While Piazza was being treated, Clemens stood in front of the mound, looking down. “I was shaken after I hit him,” he said. “That was not the way I wanted to get him out.” Meanwhile the Mets were shouting profanities at Clemens from the dugout steps. Todd Pratt, the Mets’ backup catcher, said of Piazza. “He’s our leader. You always want to watch out for a teammate, but he’s the No. 1 guy. There’s a lot of emotions with seeing him go down.”9

After the dust settled, both teams got back to baseball. Clemens retired the next seven Mets. In the fourth inning the Mets put a runner in scoring position on singles by Edgardo Alfonzo and Matt Franco (who had replaced Piazza). But Clemens struck out Robin Ventura and got Zeile to ground out, keeping the Mets off the board.

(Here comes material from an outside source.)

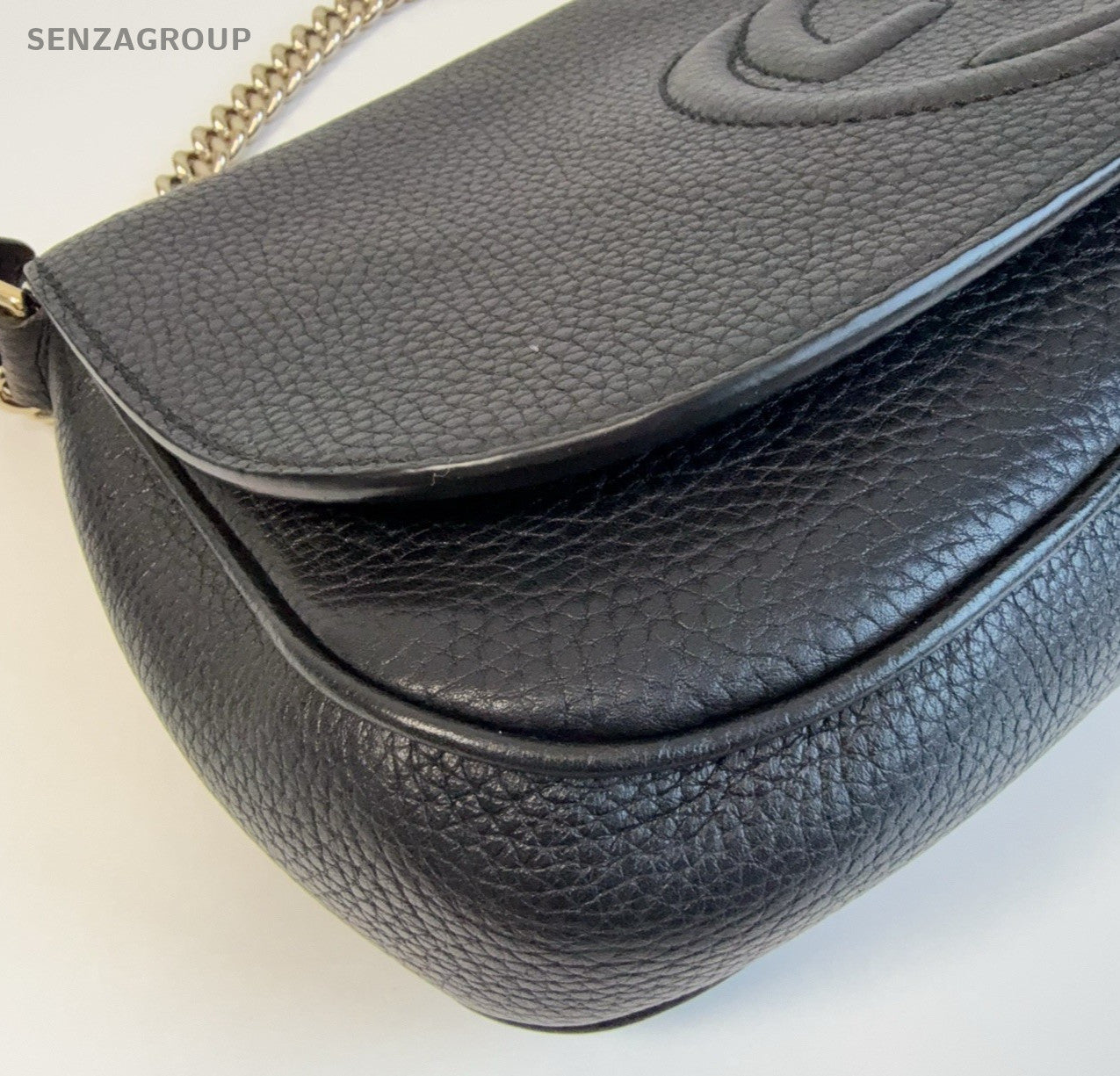 Gucci Calfskin Chain Crossbody Shoulder Bag Black Gold Women Classic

Left-hander Glendon Rusch started for the Mets. The 25-year-old Rusch entered the game with a 6-6 record. He had faced the Yankees five times when he played for the Kansas City Royals and lost each time. It was his first start against the Yankees since his trade to the Mets in 1999.

In the bottom of the second, Tino Martinez, who had homered in the first game, led off and Rusch hit him on the back with a fastball. Both teams were given a warning as “Martinez glanced at Rusch, flipped his bat away and jogged to first, while 55,821 roared.”10

The Mets took a two-run lead in the fifth. Melvin Mora hit a two-out single and stole second. Clemens walked Harris. Singles by Bell and Alfonzo scored two runs before Franco’s groundout ended the frame.

The lead did not last. David Justice and Shane Spencer singled to open the Yankees’ half of the fifth. Chris Turner’s sacrifice moved the runners up. Scott Brosius lined a single to right field to score Justice and advance Spencer to third.

Knoblauch then hit a liner to left. Harris drifted back toward the wall, jumped, and reached up. The ball landed in his glove for an instant but then the glove hit the wall and the ball bounced over the wall for a three-run homer. The Yankees were ahead 4-2.

“All those ghosts in left field, maybe they pulled the ball out of my glove,” Harris said later. “I thought I had it. Unbelievable.”11

Both pitchers were flawless the rest of the way. Rusch retired the next 11 batters but the damage was done. He struck out 10 batters and walked none in a losing effort. Clemens retired the next six batters. He left in the eighth inning with a man on base – Bell with a leadoff double – and one out. Clemens finished with four strikeouts and one walk. Yankees manager Joe Torre brought in Mike Stanton, who got the next two batters out on six pitches.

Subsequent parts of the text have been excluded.